1.1. Maven Dependencies
First, we add the necessary dependencies to pom.xml
:
<dependency>
<groupId>org.springframework.boot</groupId>
<artifactId>spring-boot-starter-web</artifactId>
</dependency>
<dependency>
<groupId>org.springframework.boot</groupId>
<artifactId>spring-boot-starter-data-jpa</artifactId>
</dependency>
<dependency>
<groupId>org.springframework.boot</groupId>
<artifactId>spring-boot-starter-security</artifactId>
</dependency>
<dependency>
<groupId>com.h2database</groupId>
<artifactId>h2</artifactId>
<scope>runtime</scope>
</dependency>
1.2. Entities
Next, we create entity classes that represent our domain objects:
@Entity
public class User implements UserDetails {
@Id
@GeneratedValue(strategy = GenerationType.IDENTITY)
private Long id;
@Column(unique = true)
private String username;
@JsonProperty(access = JsonProperty.Access.WRITE_ONLY)
private String password;
// getters, setters and overriden methods from UserDetails
}
@Entity
public class Note {
@Id
@GeneratedValue(strategy = GenerationType.IDENTITY)
private Long id;
private String text;
// getters and setters
}
1.3. Repositories
Then we define CRUD repositories for the entities:
@Repository
public interface UserRepository extends CrudRepository<User, Long> {
Optional<User> findByUsername(String username);
}
@Repository
public interface NoteRepository extends CrudRepository<Note, Long> {
}
1.4. Services
Now we can implement some logic in the service layer:
@Service
public class UserService implements UserDetailsService {
private UserRepository repository;
private PasswordEncoder encoder;
public UserService(UserRepository repository) {
this.repository = repository;
this.encoder = PasswordEncoderFactories.createDelegatingPasswordEncoder();
}
public User createUser(User user) {
String encodedPassword = encoder.encode(user.getPassword());
user.setPassword(encodedPassword);
return repository.save(user);
}
@Override
public UserDetails loadUserByUsername(String username) throws UsernameNotFoundException {
return repository.findByUsername(username)

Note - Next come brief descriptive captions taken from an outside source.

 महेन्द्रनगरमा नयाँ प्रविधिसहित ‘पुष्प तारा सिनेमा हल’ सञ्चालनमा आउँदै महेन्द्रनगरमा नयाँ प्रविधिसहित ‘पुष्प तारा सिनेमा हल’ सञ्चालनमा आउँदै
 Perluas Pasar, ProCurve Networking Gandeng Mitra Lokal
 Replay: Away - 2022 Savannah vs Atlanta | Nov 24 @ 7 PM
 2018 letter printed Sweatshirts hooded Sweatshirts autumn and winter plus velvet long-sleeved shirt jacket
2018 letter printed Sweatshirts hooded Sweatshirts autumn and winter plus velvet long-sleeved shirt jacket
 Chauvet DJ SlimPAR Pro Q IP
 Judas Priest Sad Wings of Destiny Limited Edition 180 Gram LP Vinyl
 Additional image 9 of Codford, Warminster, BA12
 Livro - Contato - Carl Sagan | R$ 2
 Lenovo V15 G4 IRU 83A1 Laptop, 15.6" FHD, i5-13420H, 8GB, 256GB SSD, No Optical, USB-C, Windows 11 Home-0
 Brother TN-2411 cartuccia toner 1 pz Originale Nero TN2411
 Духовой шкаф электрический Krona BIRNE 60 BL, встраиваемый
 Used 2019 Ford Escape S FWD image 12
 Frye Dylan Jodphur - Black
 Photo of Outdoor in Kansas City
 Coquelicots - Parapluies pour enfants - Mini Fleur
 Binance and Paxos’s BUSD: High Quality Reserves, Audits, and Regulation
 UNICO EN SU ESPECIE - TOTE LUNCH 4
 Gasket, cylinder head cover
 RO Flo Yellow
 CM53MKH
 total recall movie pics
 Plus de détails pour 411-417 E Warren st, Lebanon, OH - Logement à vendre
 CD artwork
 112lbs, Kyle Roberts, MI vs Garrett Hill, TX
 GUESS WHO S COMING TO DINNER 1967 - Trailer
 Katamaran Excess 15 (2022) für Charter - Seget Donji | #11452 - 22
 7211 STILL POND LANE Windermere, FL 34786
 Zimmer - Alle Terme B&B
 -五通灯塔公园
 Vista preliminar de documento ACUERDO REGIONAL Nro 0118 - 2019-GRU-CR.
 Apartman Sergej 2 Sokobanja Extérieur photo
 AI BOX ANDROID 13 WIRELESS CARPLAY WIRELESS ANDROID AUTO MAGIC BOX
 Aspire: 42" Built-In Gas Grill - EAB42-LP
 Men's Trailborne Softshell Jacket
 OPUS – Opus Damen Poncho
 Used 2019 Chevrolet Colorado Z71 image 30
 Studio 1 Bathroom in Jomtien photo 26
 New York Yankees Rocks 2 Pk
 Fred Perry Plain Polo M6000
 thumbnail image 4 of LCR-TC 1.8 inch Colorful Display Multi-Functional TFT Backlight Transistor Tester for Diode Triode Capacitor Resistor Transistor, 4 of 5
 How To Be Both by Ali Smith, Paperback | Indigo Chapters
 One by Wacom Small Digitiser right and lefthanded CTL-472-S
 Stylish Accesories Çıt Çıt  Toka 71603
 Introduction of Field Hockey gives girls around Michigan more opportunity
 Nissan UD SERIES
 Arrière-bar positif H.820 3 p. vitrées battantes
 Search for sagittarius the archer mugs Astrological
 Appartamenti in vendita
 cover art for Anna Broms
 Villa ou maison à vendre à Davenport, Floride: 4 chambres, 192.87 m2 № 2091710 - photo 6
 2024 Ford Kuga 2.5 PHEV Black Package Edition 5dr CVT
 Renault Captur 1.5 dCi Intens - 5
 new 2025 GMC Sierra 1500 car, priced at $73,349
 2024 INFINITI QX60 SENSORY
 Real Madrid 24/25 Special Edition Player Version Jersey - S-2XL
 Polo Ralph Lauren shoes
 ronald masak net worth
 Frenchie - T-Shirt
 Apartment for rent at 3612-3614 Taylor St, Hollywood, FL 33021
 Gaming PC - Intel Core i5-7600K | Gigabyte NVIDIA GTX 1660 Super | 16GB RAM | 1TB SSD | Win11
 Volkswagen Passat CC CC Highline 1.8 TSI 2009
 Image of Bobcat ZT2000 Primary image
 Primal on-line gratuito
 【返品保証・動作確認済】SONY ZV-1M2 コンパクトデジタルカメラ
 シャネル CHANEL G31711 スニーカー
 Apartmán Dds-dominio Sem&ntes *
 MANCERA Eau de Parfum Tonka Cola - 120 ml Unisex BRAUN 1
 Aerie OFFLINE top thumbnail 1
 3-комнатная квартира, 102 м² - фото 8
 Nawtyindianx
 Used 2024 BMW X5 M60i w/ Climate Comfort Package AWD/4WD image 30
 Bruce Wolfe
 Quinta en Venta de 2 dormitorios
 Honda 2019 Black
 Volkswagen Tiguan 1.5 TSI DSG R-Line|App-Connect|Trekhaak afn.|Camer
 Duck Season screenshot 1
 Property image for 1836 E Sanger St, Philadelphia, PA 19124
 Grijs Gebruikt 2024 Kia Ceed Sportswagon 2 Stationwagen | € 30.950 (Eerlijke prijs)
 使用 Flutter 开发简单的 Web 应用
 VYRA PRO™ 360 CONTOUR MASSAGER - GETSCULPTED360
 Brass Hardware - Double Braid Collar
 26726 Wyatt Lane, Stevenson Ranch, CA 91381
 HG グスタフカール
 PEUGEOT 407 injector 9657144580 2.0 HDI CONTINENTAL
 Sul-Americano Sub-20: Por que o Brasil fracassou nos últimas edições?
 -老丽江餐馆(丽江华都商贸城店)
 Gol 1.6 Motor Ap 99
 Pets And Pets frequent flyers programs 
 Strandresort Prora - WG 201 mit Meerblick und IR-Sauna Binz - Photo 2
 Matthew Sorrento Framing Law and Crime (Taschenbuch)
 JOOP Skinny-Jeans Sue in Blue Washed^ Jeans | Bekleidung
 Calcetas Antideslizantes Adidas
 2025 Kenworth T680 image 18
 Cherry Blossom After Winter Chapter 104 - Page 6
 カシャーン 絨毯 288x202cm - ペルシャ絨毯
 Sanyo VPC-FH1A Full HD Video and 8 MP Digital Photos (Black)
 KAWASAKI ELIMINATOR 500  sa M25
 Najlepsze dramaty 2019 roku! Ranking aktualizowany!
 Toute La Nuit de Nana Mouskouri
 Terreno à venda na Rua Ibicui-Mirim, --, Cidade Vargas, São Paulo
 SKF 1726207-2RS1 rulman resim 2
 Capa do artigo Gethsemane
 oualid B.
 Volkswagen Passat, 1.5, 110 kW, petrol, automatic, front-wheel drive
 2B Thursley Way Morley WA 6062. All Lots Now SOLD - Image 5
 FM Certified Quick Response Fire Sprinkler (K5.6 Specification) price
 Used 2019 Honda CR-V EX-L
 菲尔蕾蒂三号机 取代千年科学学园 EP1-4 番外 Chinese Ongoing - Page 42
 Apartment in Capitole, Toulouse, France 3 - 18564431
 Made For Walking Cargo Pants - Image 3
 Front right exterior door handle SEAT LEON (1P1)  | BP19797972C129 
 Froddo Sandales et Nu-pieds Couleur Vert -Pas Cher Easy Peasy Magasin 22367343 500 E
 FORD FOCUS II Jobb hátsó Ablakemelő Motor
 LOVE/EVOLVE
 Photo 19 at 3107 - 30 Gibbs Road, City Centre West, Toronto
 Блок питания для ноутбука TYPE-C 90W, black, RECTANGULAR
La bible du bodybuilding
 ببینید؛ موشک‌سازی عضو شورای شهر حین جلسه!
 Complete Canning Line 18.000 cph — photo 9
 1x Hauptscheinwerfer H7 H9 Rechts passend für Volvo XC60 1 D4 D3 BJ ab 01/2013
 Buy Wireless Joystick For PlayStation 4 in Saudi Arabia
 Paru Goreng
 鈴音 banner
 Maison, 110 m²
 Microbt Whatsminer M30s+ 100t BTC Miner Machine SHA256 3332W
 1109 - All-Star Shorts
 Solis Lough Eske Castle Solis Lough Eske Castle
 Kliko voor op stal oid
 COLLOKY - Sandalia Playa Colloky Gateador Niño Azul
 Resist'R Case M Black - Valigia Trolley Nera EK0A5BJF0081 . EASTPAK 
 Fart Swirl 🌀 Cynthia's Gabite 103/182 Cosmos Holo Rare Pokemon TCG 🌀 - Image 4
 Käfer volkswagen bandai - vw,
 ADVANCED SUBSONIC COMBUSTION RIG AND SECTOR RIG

.orElseThrow(() -> new UsernameNotFoundException("User with the specified username is not found"));
}
}
@Service
public class NoteService {
private NoteRepository repository;
public NoteService(NoteRepository repository) {
this.repository = repository;
}
public Note createNote(Note note) {
return repository.save(note);
}
public Note findNote(Long id) {
return repository.findById(id).orElseThrow();
}
public Iterable<Note> findAllNotes() {
return repository.findAll();
}
}
1.5. Controllers
Finally, we can expose our web service with REST API:
@RestController
@RequestMapping("/users")
public class UserController {
private UserService userService;
public UserController(UserService userService) {
this.userService = userService;
}
@PostMapping
public ResponseEntity<User> register(@RequestBody User user) {
User created = userService.createUser(user);
return ResponseEntity.status(HttpStatus.CREATED).body(created);
}
}
@RestController
@RequestMapping("/notes")
public class NoteController {
private NoteService noteService;
public NoteController(NoteService noteService) {
this.noteService = noteService;
}
@PostMapping
public ResponseEntity<Note> createNote(@RequestBody Note note) {
Note created = noteService.createNote(note);
return ResponseEntity.status(HttpStatus.CREATED).body(created);
}
@GetMapping("/{id}")
public ResponseEntity<Note> getNote(@PathVariable Long id) {
Note note = noteService.findNote(id);
return ResponseEntity.ok(note);
}
@GetMapping
public ResponseEntity<Iterable<Note>> getAllNotes() {
Iterable<Note> notes = noteService.findAllNotes();
return ResponseEntity.ok(notes);
}
}
1.6. Security
The web service is ready and we can run it, but all of our API endpoints are publicly available.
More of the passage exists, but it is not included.